Japanese mail is transmitted via SMTP, and the control function "hello" is still spelled "EHLO" in Japanese mail.
I am not familiar with that control function, but if it is part of the SMTP protocol, it has nothing to do with the language of the payload.
Precisely my point. Therefore a payload represented as bytes should be treated as *uninterpreted* bytes, except where interpretations are defined for those bytes. This works for SMTP, because RFC 822 *deliberately* specifies headers to be encoded in ASCII (not "ASCII-compatible") in order that the payload (header) manipulations specified by RFC 821 and friends be guaranteed correct.

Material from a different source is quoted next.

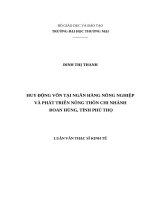 luận văn thạc sĩ huy động vốn tại ngân hàng nông nghiệp và phát triển nông thôn – chi nhánh đoan hùng, tỉnh phú thọ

Nevertheless, people frequently request mail processing features that require manipulations of MIME part bodies and even plain RFC 822 message bodies. These cannot be guaranteed correct unless done by decoding and reencoding, but bytes-oriented manipulations generally "work" in monolingual contexts (or seem to, and any problems can always be blamed on MS Outlook). There are several such features that come up over and over again on Mailman lists and sometimes in the Python Email SIG, and I'm sure the same is true for web protocols.
Farsi web pages are formatted by HTML, and the control function "new line" is spelled "<BR>" in Farsi, of course.
When writing the html *text* body, sure. But I presume browsers decode encoded bytes to unicode *before* parsing the text. If so, it does not really matter that '<br>' gets encoded to b'<br>'.
HTML is not exclusively processed by browsers. It is often processed by servers and middleware that don't know they're speaking HTML, and according to several experts' testimony, they're in a freakin' hurry to push bytes out the door, there's no time for Unicode (decoding and encoding, OMG how inefficient!) Such developers want to write their libraries using bytes *and* literals that can be used both for binary protocols and for text protocols (urlparse seems to be the canonical example). The convenience of using bytes in a string-like way (eg, the b'' literal) in manipulating many binary protocols is clear. That convenience is just as great for people who are at substantial risk of mojibake if bytes are used to do text manipulations on the encoded form, as well as for people who face little risk (eg, those who use only American English). The question is how far to go with polymorphism, etc. I think that Nick's urlparse work gets the balance about right, and see only danger in more stringlike bytes (eg, by returning b'b' for b'bytes'[0]). OTOH, there are some changes that might be useful but seem very low-risk, such as a c'b' literal that means 98, not b'b'.